中国が土地開発の一本足打法(実際には、半導体、EV、その他工業、農業等、まんべんなく発展させてきたように「見える」が……)を、なぜ改めなかったのか。
それは、中国独自の土地開発における「暗黙のルール」にヒントがある。
中国は共産党国家なので、土地の私有を原則認めていない。なので、土地開発業者が土地開発をするとなると、まずその地方政府に土地を「借りる」申請をする。そして、対価として莫大なお金をその地方政府に納め、そこから開発に着手するのだ。
このルールに則るとなると、地方政府としては、開発が決まった段階で大金が転がり込んでくるので、開発者の誘致には積極的になるが、あとでどのような開発を行うのか、については興味を失う。
方や土地開発業者は、最初の段階で莫大なおカネを払う上にそこから開発のためのおカネを出し続けなければならないために、天文学的な資金を必要とする。
だがこれが共産党の肝いり事業だというところに妙味がある。土地開発をするだけで、自分の子飼いの地方政府が潤うということは、共産党は土地開発業者が「カネを借りやすい」状況を作るのに積極的となる。銀行からの融資がおりやすくなったり。あるいはリアルタイムペイメントのようなシステムから。あるいはそれすら閉塞したら、こんどはシャドーバンキングから。
いっとき、「中国はGDP成長率7%を下ることはない」という神話があった。
なんのことはなく、土地開発などで業者が借入するこれらの貸主が提示する利率が7%を越えていたからだ。
つまり、GDP成長率が7%を下回るということは、それすなわち融資資金が焦げ付く、ということとイコールなのである。

政府が、地方政府が儲かる。ただ土地を貸すだけで。
このスキームを政府がやめられなかった、何よりの理由である。

仮に恒大集団がこのまま債務整理をし、倒産するならば


恒大集団が債務整理に乗り出す、となると、ただでさえ供給過剰であった土地建物の市場がさらに下落に転じることは火を見るより明らかである。
これは、上記で語ってきた共産党・地方政府の必勝スキームが使えなくなるばかりか、土地の値上がりで儲けていた全ての資産家の首を絞めにかかる。
なにより、銀行の不良債権が顕在化するだろう。日本のバブル崩壊と同じ構図だ。ただし、その規模は1京円を越えるとさえ言われている。

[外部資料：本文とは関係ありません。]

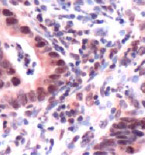 Immunohistochemistry (Formalin/PFA-fixed paraffin-embedded sections) - Anti-MSH3 antibody (AB93663), expandable thumbnail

これらの現象は資産家をも締め付ける。現状ローンを払っている人たちは、日が経つにつれ目減りする自己の資産減少に耐えかね、どこかで土地建物を手放すことになるだろう。そしてこれが土地価格のさらなる下落を生む。
わぁお。考えたくないことだ。

いずれにしても、やり過ぎたのだ。
日本ですら、バブル崩壊後利用が減った鉄道の維持費だけで鉄道会社が苦しんでいる現状だ。……ま。中国ならそのままうっちゃる、というだけのことだろうが、それにしても規模が規模だ。全ての債務を整理する、ということになると死体が何万人川に浮くことになるやら……。

まだまだ、これは中国経済という敷設された地獄行き無限列車の、途中の光景である。東海道山陽新幹線でいうならまだ静岡を通過したあたり。
さぁて。鹿児島中央駅に着く頃には、あの国はどうなっていることやら……。